On dénonce aussi la prise en charge de 15 présidents de fédérations musulmans à l’occasion d’un déplacement entre le Caire et l’Arabie Saoudite, à l’occasion du Ramadan 2018. Jamais aucun des prédécesseurs du président actuel de la Caf, ni Ydnekatchew Tessema, ni Issa Hayatou n’aurait, une seule seconde, pensé agir de la sorte. Une contravention aux règles fondamentales de l’institution faîtière du football en Afrique.

Il n’y a pas que cela que l’on reproche au président de la Caf. Un document dont nous avons copie fait état de surfacturation dans l’achat, au Caire, d’un véhicule Range Rover. Coût 97,5 millions Fcfa ; alors qu’il y avait deux autres propositions à savoir 62,5 millions et 65 millions de Fcfa. Il y a aussi l’achat à Madagascar, auprès de la même agence, d’une Mercedes (71 millions Fcfa), d’un Hyundai Santa Fe 4×4 (30 millions de Fcfa), et d’un véhicule Combi Volkswagen à 15 millions de Fcfa, toujours à Madagascar. Une succession de graves dysfonctionnements, enfin beaucoup moins qu’on ne le pense au le siège de la Caf.

Quand les langues se délient

Ce qui est extraordinaire, c’est que des personnes avaient décidé de ne plus se taire dans le sillage de la Confédération. Sans doute le témoignage d’une grande exaspération collective. Au début de cette année, un membre du Comité exécutif de la Caf, le Libérien Musa Bility, avait démissionné de deux de ses fonctions. Il dénonçait le comportement du président en exercice. « Chaque décision du président de la Caf doit être approuvée par le Comité exécutif. Or, ce n’est clairement pas le cas actuellement », écrivait-il.

Un climat délétère s’était installé à la Cité du 6 octobre où se trouve le siège de la Confédération africaine de football au Caire. Dans ces circonstances, beaucoup se demandaient déjà si Ahmad pouvait continuer à exercer les fonctions de président de l’institution.

Chantage...

Il n’y a pas que la corruption qui gangrène le football africain, ou le scandale de la finale de la Ligue des champions à rejouer. Ces dernières semaines, le président Ahmad était accusé par plusieurs jeunes femmes de harcèlement sexuel.

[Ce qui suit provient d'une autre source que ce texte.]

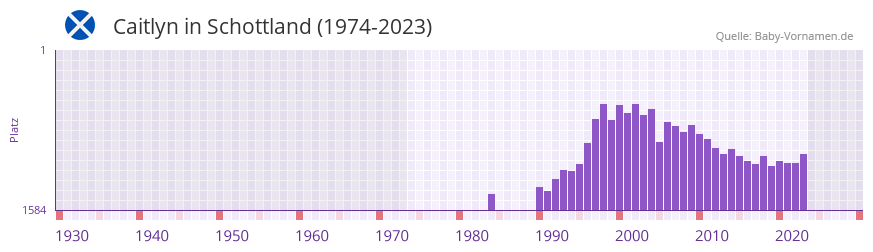 Caitlyn in der Vornamen-Hitliste von Schottland (1974-2023)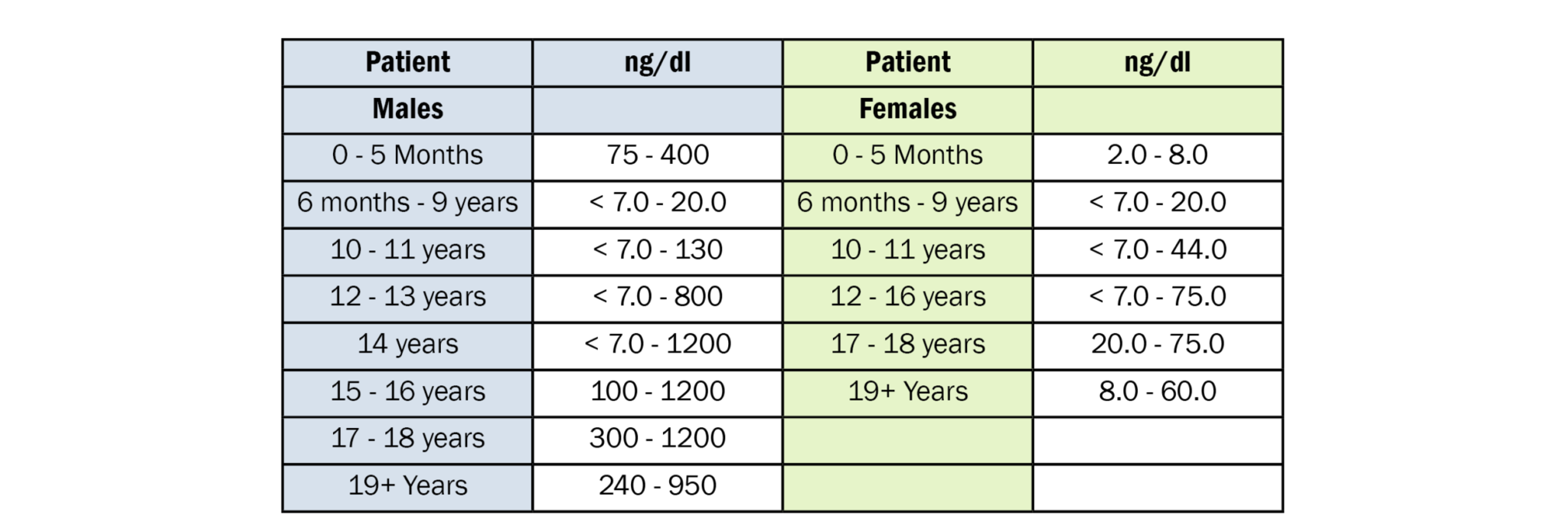 testosterone-clinicore-labs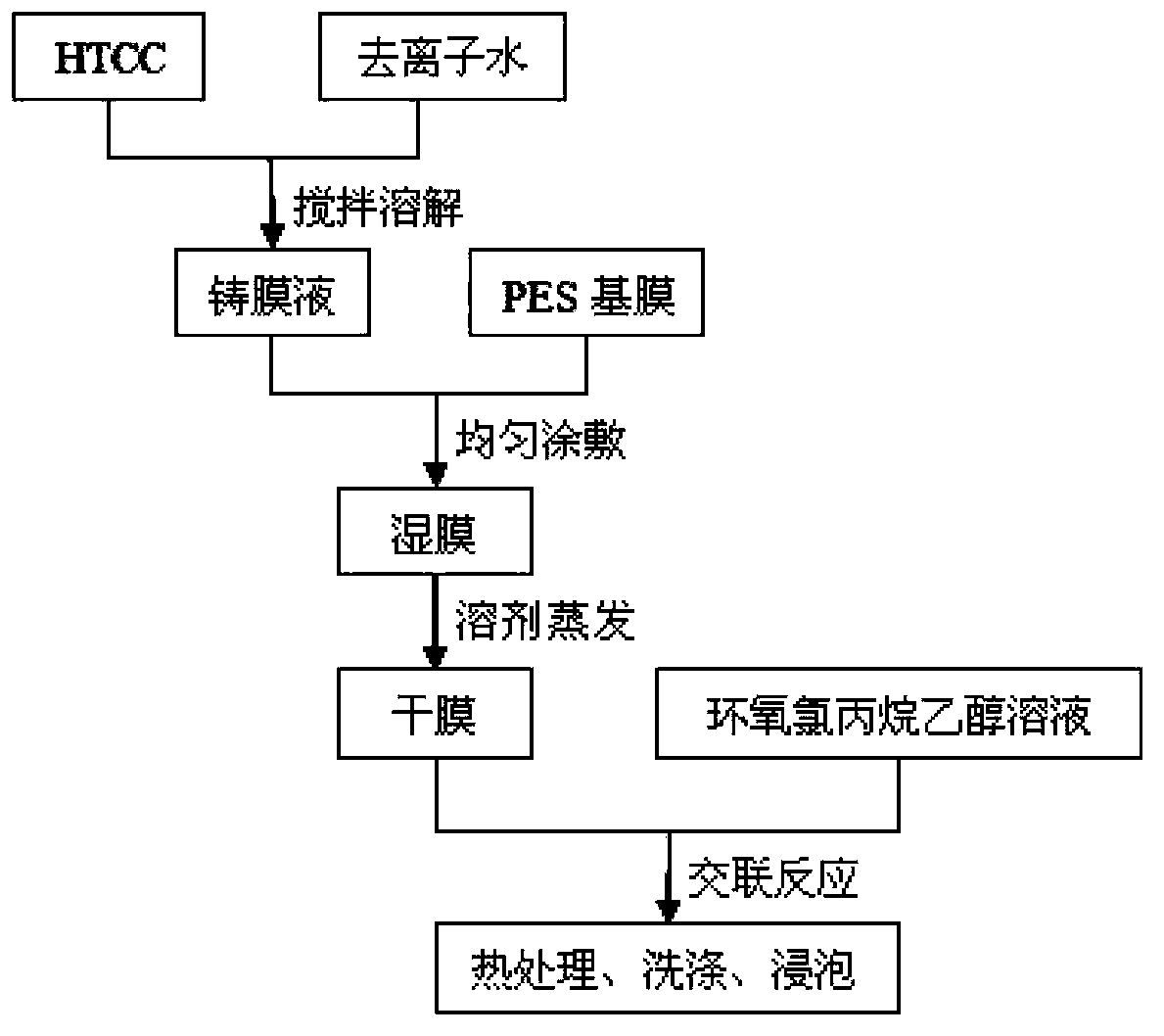 Chitosan quaternary ammonium HTCC/polyethersulfone composite nanofiltration membrane and preparation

Pas facile d’en savoir davantage sur cette dernière affaire.

Cependant, l’on a pu recueillir des bribes d’information. Un témoignage solide qui confirme les allégations formulées contre Ahmad. Une Égyptienne confirme, en effet, les premières accusations parues sur certains sites d’information. D’autres jeunes femmes, travaillant également au siège de la Caf, tenaillées par la peur, ont préféré se taire. Mais un autre témoignage d’une jeune dame africaine, responsable d’une société de communication en Europe, vient enfoncer le clou.

Elle le connaissait depuis un certain nombre d’années. Elle raconte qu’à l’époque, ce dernier n’était pas président, mais simple membre du Comité exécutif. Il lui avait demandé de l’aider. Une fois élu, il lui avait confié la communication externe du grand symposium organisé à Rabat à la mi-juillet 2017.

« J’ai fait les frais de ce comportement quand j’ai voulu me mettre au service de la nouvelle Caf. Nous rêvions tous d’écrire un nouveau chapitre de l’histoire du football. Mais pour Ahmad, mon rôle devait se limiter à être sa femme ou plutôt sa chose ! Quand il a réalisé que j’avais d’autres ambitions que d’être la poupée Barbie d’un quinquagénaire parvenu, il a voulu me casser et me faire disparaître d’un milieu dans lequel il m’avait pourtant connue six ans auparavant », confie la jeune dame. La jeune femme avait également déposé plainte auprès de la Fifa.